The sting of spring: wind, rain and a blanket of snow

The Manuherikia and Maniototo regions of Central Otago felt the full sting of a spring storm yesterday which brought heavy rain, snow and severe gales to the southern region.

Residents awoke to blanket of snow and motorists were warned to take care on State Highway 85 between Omakau and Kyeburn and in Moa Flat Rd, and Danseys Pass Rd was closed because of snow.

The depth of snowfall differed with about 10cm reported in Naseby and almost three times that in St Bathans.

There was also widespread snow on the hills throughout Central Otago and above Queenstown and Wanaka.

Having a snow fight on the Naseby Recreational Reserve yesterday are (from left) Macy Harmes (6),...
Having a snow fight on the Naseby Recreational Reserve yesterday are (from left) Macy Harmes (6), Freya Harmes (8), Arthur Divett (7), Liam Pettigrew (11) and Quinn Pettigrew (7), all of Dunedin.
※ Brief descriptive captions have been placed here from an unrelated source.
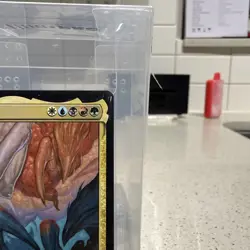 Sliver Legion Time Spiral Remastered Magic: The Gathering Card Mint Condition - Image 3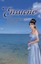 NEW Ensueno by Frank Alvarado Madrigal BOOK (Paperback) Free P&H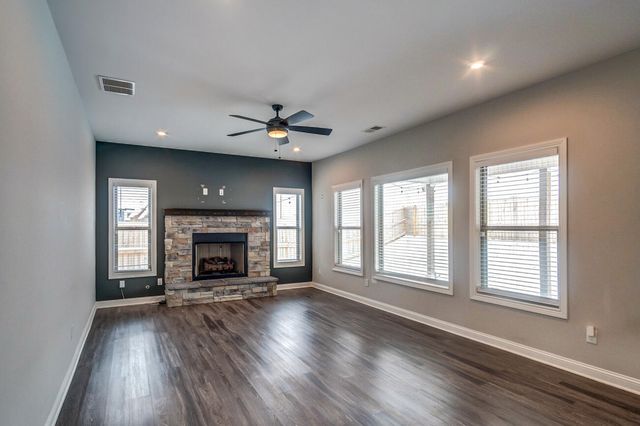 1400 Maybank Park, Lexington, KY 40509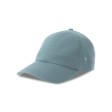 Action-S FullGadgets.com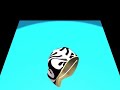 Mask 2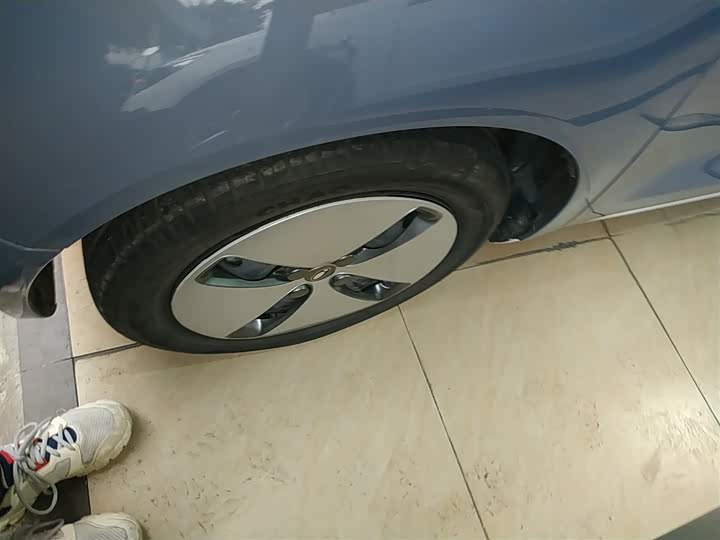 Фото 23 - Ora Black Cat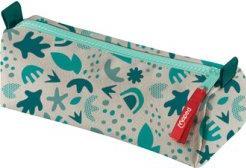 Magni Bestücktes Etui SMILING PLANET 16 Teile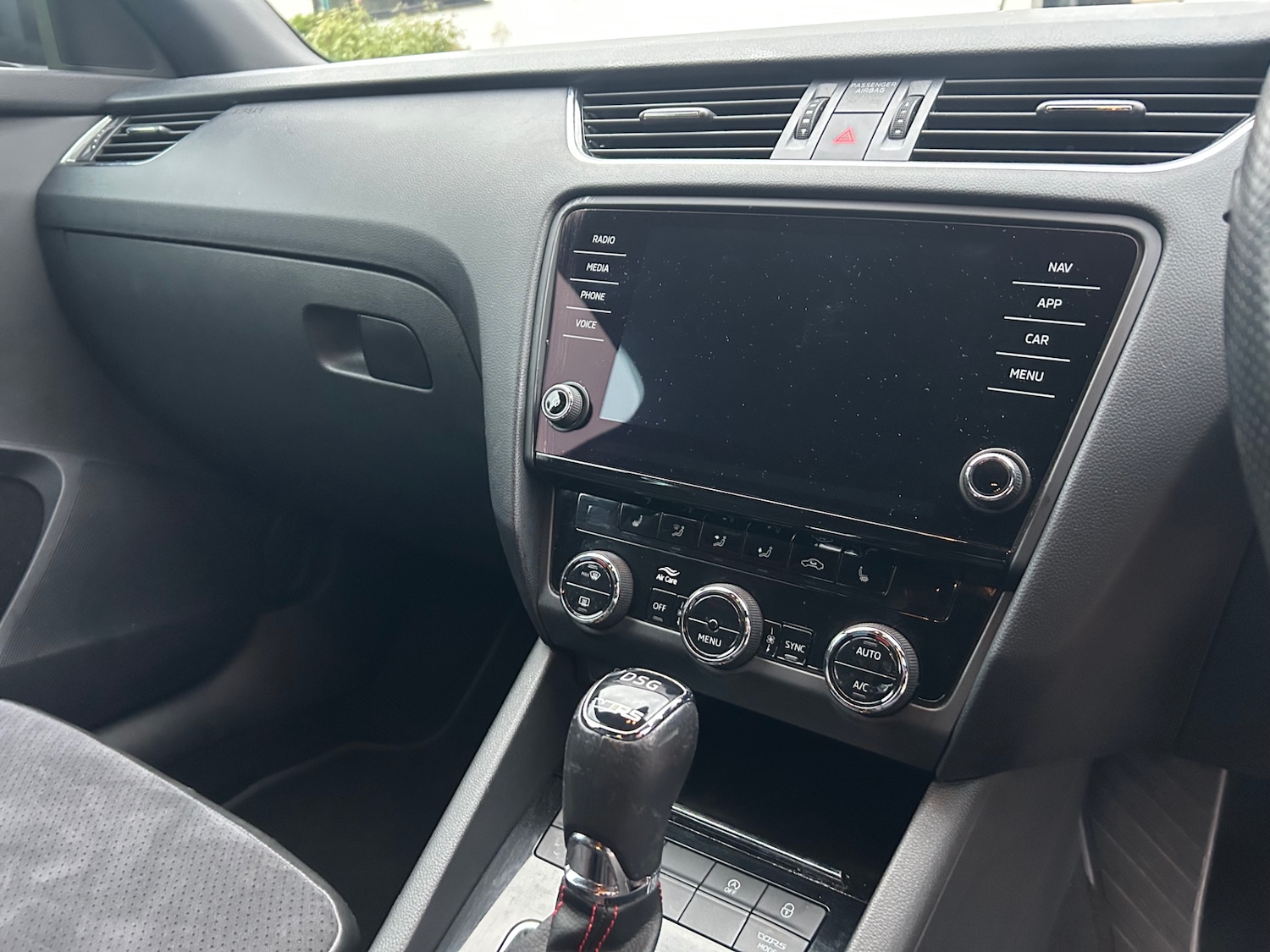 Used Skoda Octavia 2018 for sale - 76418606: Photo 20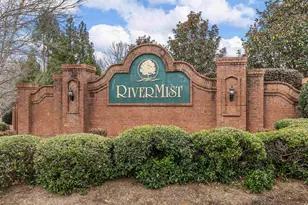 324 S Monterey Dr, Moore, SC 29369 - Photo 39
PHOTO: PETER MCINTOSH
What was potentially bad news for farmers at the tail end of lambing and calving was great news for the region’s children and those visiting the area for the school holidays.

Kyeburn woman Amie Pont said she woke to about 6cm of snow and that made an early morning drive a bit hairy.

‘‘I was travelling to Dunedin at 8am this morning and the Pigroot was covered but it was definitely a bit dangerous through the cutting.

‘‘It’s a winter wonderland.’’

While the bulk of the snow was gone by yesterday afternoon the MetService warned more was possible.

A MetService spokesman said a weather warning remained in place for the Lindis Pass last night (State Highway 8) with snow likely from 10pm through until this morning and 1cm or 2cm of snow could settle on the road above 800m, with lesser amounts to 600m.

The deep low that was forecast to affect New Zealand early this week would continue moving away to the east, while a strong, cold southwest flow over the country eased, he said.

Watches and warnings for heavy rain, heavy snow and severe gales associated with the low pressure system would still be in force for many places.

During tomorrow and Friday, a ridge of high pressure would move on to the country from the west.

This ridge would then move away to the east on Saturday, allowing a strengthening and moist northerly flow to develop over New Zealand.

However, severe weather was unlikely to be associated with this on Saturday, he said.